Аналогичных плит с гравировками на Алтае неизвестно. В какой-то мере в качестве аналога среди более отдаленных районов Сибири можно привести плиту с рисунками из каменного ящика могильника Сухое озеро 1 (Максименков Г. А., 1978, с. 144). В левой половине плиты представлены некие линейные начертания, которые в самых общих чертах могут быть сопоставимы с ештыкельскими гравировками. Плита же из бассейна Енисея была отнесена Г. А. Максименко и Б. Н. Пяткиным к андроновскому изобразительному комплексу (Пяткин Б.Н., 1977, с. 61). Между тем недавно В.В. Бобров и И.В. Ковтун высказали сомнение в подобной идентификации погребения. По их мнению, иконографические особенности орнаментальной композиции правой части плиты указывают на торгожакские, а также на собственно карасукские и лугавские (карасук-лугавские) параллели. Геометризованный схематизм правой половины плиты напомнил им предельно стилизованных персонажей ряда антропоморфных «хищников» окуневских древностей (Бобров В.В., Ковтун И. В., 2000, с. 235-6). Гравировки же на описываемой в настоящей работе алтайской плите таких изобразительных ассоциаций явно не вызывают.
Линейно-геометрические рисунки наряду с фигуративными изображениями всегда существовали в искусстве первобытного и более позднего времени. Например, немало абстрактных геометризованных граффити оставили на Алтае древние тюрки (Маточкин Е.П., 1990, с. 152). Достаточно широко линейно-геометрические начертания представлены на юге Украины среди петроглифов Каменной могилы, относимых ко времени энеолита — эпохи бронзы (Михайлов Б.Д., 1998, с. 84). Среди древних росписей Каракола (погребение 5, плита 7) они соседствуют с фигуративными рисунками (Кубарев В.Д., 1988, с. 78).

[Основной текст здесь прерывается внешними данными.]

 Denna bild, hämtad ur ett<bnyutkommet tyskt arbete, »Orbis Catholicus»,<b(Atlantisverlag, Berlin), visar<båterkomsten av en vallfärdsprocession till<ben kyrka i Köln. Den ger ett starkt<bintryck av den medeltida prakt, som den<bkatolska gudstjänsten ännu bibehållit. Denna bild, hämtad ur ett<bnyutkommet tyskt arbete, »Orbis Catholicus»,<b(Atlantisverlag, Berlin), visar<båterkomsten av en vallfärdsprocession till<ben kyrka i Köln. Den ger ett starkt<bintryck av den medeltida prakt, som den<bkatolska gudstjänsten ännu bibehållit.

Пожалуй, каракольские плиты и по своему изготовлению, и по гравировкам могут служить определенным ориентиром. В силу этого наиболее вероятным временем создания плиты из Ештыкеля можно считать эпоху бронзы без определенной привязки к андроновской культуре, памятники которой в Горном Алтае вообще не обнаружены.
Вопрос о семантике ештыкельских гравировок нуждается в дополнительном исследовании. Нам представляется, что все эти аккуратно вырезанные линии были сделаны не случайно и несут в себе достаточно глубокий информационный смысл.